Hi,
currently the CallActivity configuration options include selections for passing all process variables to and from the main process.
We have some user-tasks in which some of the process variables should not be read/written by the assignee. Would it be possible to add call-activity style ‘pass-all’ options to the existing input/output mappings of tasks?
Best regards,
Thomas
Hi Thomas,
I’m not quite sure I understand the use case. You wrote
What does ‘pass-all’ variables then mean for this context? As it seems you want to hide variables or at least make them read-only. Can you elaborate on this?
Cheers,
Sebastian
Hi,
my use-cases:
My understanding is that empty Input/Output mappings now means that all values are read/written between process and task scopes, and that when fields not defined in forms are submitted, they end up in as variables in the task scope and hence are copied to the the process. The CallActivity extension elements however define
<bpmn2:extensionElements>
<camunda:in variables="all"/>
<camunda:out variables="all"/>
</bpmn2:extensionElements>
which seem to cover what I am after, just between two process scopes instead of process and task scopes.
Cheers,
Thomas
Hi,
so you want to achieve that the variables in the task scope are local copies of all process variables. And without an output mapping changed local task variables will be removed. Do I understand you correctly?
But this would not solve any of your use cases? There would still be read access to the variables and how do you prevent write access to the variables with a pass-all mapping? Sorry if I misunderstood you.
Cheers,
Sebastian
Hi,
hmm so let me put this another way: I want to limit / explicitly define (in form and/or Input mapping) what variables are copied to task scope. And as an additional option, I’d like to be able to explicitly bypass this constraint by saying that all variables should be copied (preserving current functionality when a positive).
Correspondingly, a variable set on the task scope which has no output mapping or form field, should not be copied to process scope unless this constraint is explicitly bypassed.
This implies that if a form is completed with an additional variable value, it is refused. See the test-case FormDataTest.testFormFieldSubmit() - adding random variables to the map used in formService.submitTaskForm(…) does not result in errors.

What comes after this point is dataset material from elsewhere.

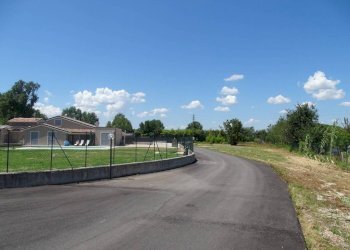 Villa a Schiera strada di Santa Filomena, Terni - foto 31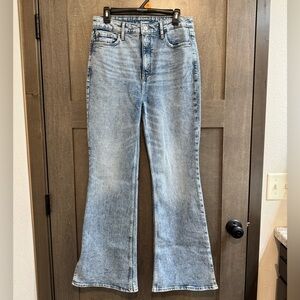 Old Navy Women's High Rise Jeans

So you can add a ‘require’ constraint on a form field, however not a corresponding ‘no additional values required’ constraint on the form itself.
Cheers,
Thomas
Another angle: See class DefaultFormHandler method submitFormVariables(…):
// any variables passed in which are not handled by form-fields or form
// properties are added to the process as variables
for (String propertyId: propertiesCopy.keySet()) {
variableScope.setVariable(propertyId, propertiesCopy.getValueTyped(propertyId));
}
I’d like an option which adds an if statement around the above code.
Best regards,
Thomas
@skjolber did you come up with any solution to this. Looking at a similar issue.
To make sure I understand your issue and ensure it is similar to my question, you are asking:
How can you restrict which variables are accessible and modifiable (at a process level and task level)? The scenario being that someone could inject additional variables or modify existing variables, and you want to restrict this?
@skjolber please correct me if i am wrong,
@menski, the use case would be:
You have a embedded form, and the current implementation is setup in a way where if the user has access to the process they can read and write to all process variables.
The desired scenario would be that in the task configuration you could choose which variables you want to exposed (read) and which variables you will accept (allow edits/submissions) of.
So it would create scenarios where if someone modified the rendered form to submit or read a process variable that was not exposed for that task, the user would not have access.
If i understand the docs, at the moment there is a high level of trust with all users in task list. If you are a user, then you can change a lot of variables if you desired.
This scenario is not possible in the current Camunda setup? Another system is required to manage the permissions around what can and cannot be modified?
Yes, this is pretty much the idea.
Implemented a custom submit endpoint which pulled the form fields from the task and checked against the submitted fields for write access. For reading, we exposed at the form field default values and the input/output mappings.
This all was part of a setup where we made a generic ‘human task’ REST service for taking a user through a number of human tasks within a single process instance.
Can you share code snippets?
No, unfortunately, I have moved on and no longer have access to the code.
I’ve been thinking about creating some kind of ‘process driver’ which lets a user (i.e. webapp) relate to a single process at a time, with async signalling. The tasklist did really not fit very well for that purpose.